Have you ever noticed (and wondered) that the wonderful Spark Job UI is no longer available in the databricks notebook if the cell is executed using 'serverless' cluster?
Tradionally, whenever we run the spark code (action command), we used to see the Job Runs (job 1, Job2 etc) which navigate to the Spark famous UI with DAG and all run details. That view is not available if your notebook is attached to interactive serverless cluster.
Why:
Serverless abstraction: In serverless interactive clusters (and SQL Warehouses), Databricks fully manages the Spark driver and executors behind the scenes. You don’t get direct visibility into the JVM processes or Spark UI because those resources are ephemeral and multi‑tenant.
No dedicated driver node: The Spark driver that normally hosts the Spark UI (with DAG, stages, tasks) isn’t exposed in serverless mode. Databricks hides it to enforce isolation and simplify operations.
Security & multi‑tenancy: The Spark UI can reveal low‑level details about cluster internals. In shared/serverless environments, exposing that could leak information across tenants, so Databricks disables it.
Monitoring alternative
Instead of the Spark UI, Databricks provides query history, execution plans (EXPLAIN), and job run details in the Databricks workspace.

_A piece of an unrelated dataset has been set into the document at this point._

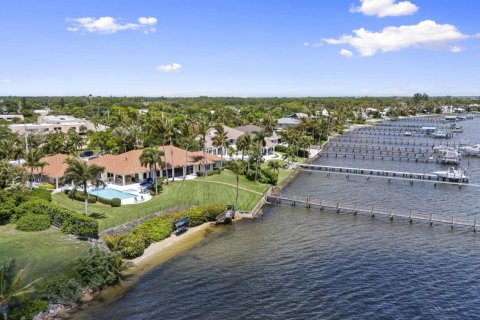House in Stuart, Florida 4 bedrooms, 493.68 sq.m. № 2086670 - photo 9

These give you visibility into performance without exposing the raw DAG view.
Query History (SQL Warehouses): Shows query execution times, resource usage, and status.
Job Run Details (Jobs UI): For scheduled pipelines, you can see task durations, logs, and outcomes.
df.explain(True): Prints the physical plan, which is the closest to DAG inspection in serverless mode.
Metrics in Databricks UI: Cluster metrics, query profiles, and Delta Live Tables monitoring dashboards.